In-Field Scan
29. In-Field Scan¶
29.1. Introduction¶
In Field Scan (IFS) is a hardware feature to run circuit level tests on a CPU core to detect problems that are not caught by parity or ECC checks. Future CPUs will support more than one type of test which will show up with a new platform-device instance-id, for now only .0 is exposed.
29.2. IFS Image¶
Intel provides a firmware file containing the scan tests via github [1]. Similar to microcode there is a separate file for each family-model-stepping.
29.3. IFS Image Loading¶
The driver loads the tests into memory reserved BIOS local to each CPU socket in a two step process using writes to MSRs to first load the SHA hashes for the test. Then the tests themselves. Status MSRs provide feedback on the success/failure of these steps.
The test files are kept in a fixed location: /lib/firmware/intel/ifs_0/ For e.g if there are 3 test files, they would be named in the following fashion: ff-mm-ss-01.scan ff-mm-ss-02.scan ff-mm-ss-03.scan (where ff refers to family, mm indicates model and ss indicates stepping)
A different test file can be loaded by writing the numerical portion (e.g 1, 2 or 3 in the above scenario) into the curent_batch file.

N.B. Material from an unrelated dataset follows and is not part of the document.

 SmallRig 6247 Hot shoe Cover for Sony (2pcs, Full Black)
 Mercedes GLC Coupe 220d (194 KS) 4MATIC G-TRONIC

To load ff-mm-ss-02.scan, the following command can be used:
# echo 2 > /sys/devices/virtual/misc/intel_ifs_0/current_batch
The above file can also be read to know the currently loaded image.
29.4. Running tests¶
Tests are run by the driver synchronizing execution of all threads on a core and then writing to the ACTIVATE_SCAN MSR on all threads. Instruction execution continues when:
- All tests have completed.
- Execution was interrupted.
- A test detected a problem.
Note that ALL THREADS ON THE CORE ARE EFFECTIVELY OFFLINE FOR THE DURATION OF THE TEST. This can be up to 200 milliseconds. If the system is running latency sensitive applications that cannot tolerate an interruption of this magnitude, the system administrator must arrange to migrate those applications to other cores before running a core test. It may also be necessary to redirect interrupts to other CPUs.
In all cases reading the SCAN_STATUS MSR provides details on what happened. The driver makes the value of this MSR visible to applications via the “details” file (see below). Interrupted tests may be restarted.
The IFS driver provides sysfs interfaces via /sys/devices/virtual/misc/intel_ifs_0/ to control execution:
Test a specific core:
# echo <cpu#> > /sys/devices/virtual/misc/intel_ifs_0/run_test
when HT is enabled any of the sibling cpu# can be specified to test its corresponding physical core. Since the tests are per physical core, the result of testing any thread is same. All siblings must be online to run a core test. It is only necessary to test one thread.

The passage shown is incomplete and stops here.